We further believe that "the Word was made flesh, and dwelt among us" and that "Christ did not make believe take human nature; He did verily take it. He did in reality possess human nature." He "was a real man. . . . God in the flesh." However, He never parted "with His divinity." "Divinity and humanity were mysteriously combined." "He veiled His divinity with the garb of humanity" "and man and God became one."
We also believe that "in taking upon Himself man's nature in its fallen condition, Christ did not in the least participate in its sin." "The perfect sinlessness of the human nature of Christ" was free from "the propensities of sin." He took "the nature but not the sinfulness of man." "He vanquished Satan in the same nature over which in Eden Satan obtained the victory." Christ "is the second Adam. The first Adam was created a pure, sinless being, without a taint of sin upon him." So in Christ also never "for one moment was there in Him an evil propensity." "Not even by a thought could Christ be brought to yield to the power of temptation." This, however, does not mean "that it was impossible for Christ to be overcome by temptation." For "then He could not have been placed in Adam's position; He could not have gained the victory that Adam failed to gain. . . . Our Saviour took humanity, with all its liabilities.
He took the nature of man, with the possibility of yielding to temptation.

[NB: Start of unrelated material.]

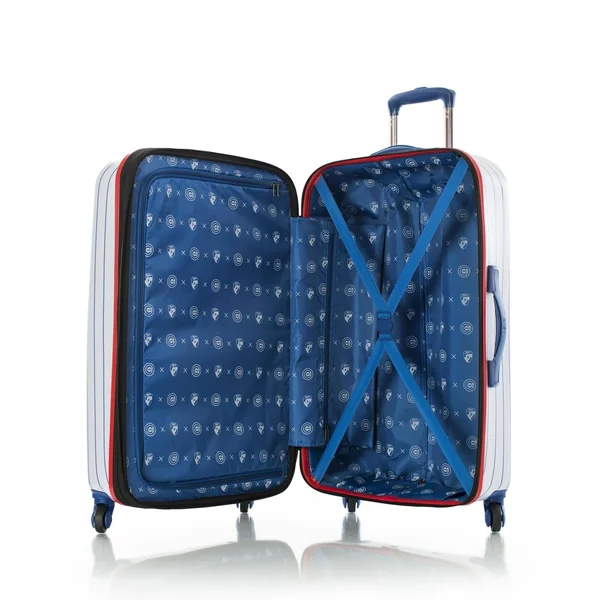 New York Yankees 26&& Luggage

We have nothing to bear which He has not endured." Yet Christ never sinned. He said, "The prince of this world cometh, and hath nothing in Me."
Nevertheless, "Christ . . . loved the church, and gave himself for it" and was crucified. "When Christ was crucified, it was His human nature that died. Deity did not sink and die; that would have been impossible."

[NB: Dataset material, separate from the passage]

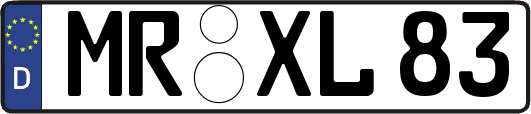 MR-XL83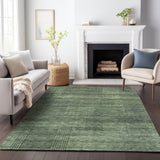 addison chantille acn820 olive rug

Furthermore, we believe that "in taking our nature, the Saviour has bound Himself to humanity by a tie that is never to be broken. Through the eternal ages He is linked with us. 'God so loved the world, that He gave His only-begotten Son.'"
In conclusion we affirm that "the doctrine of the incarnation of Christ in human flesh is a mystery, 'even the mystery which hath been hid from ages and from generations.' It is the great and profound mystery of godliness"—"a mystery that will not be fully, completely understood in all its greatness until the translation of the redeemed shall take place."
May God help us to be among the redeemed. Then we shall understand.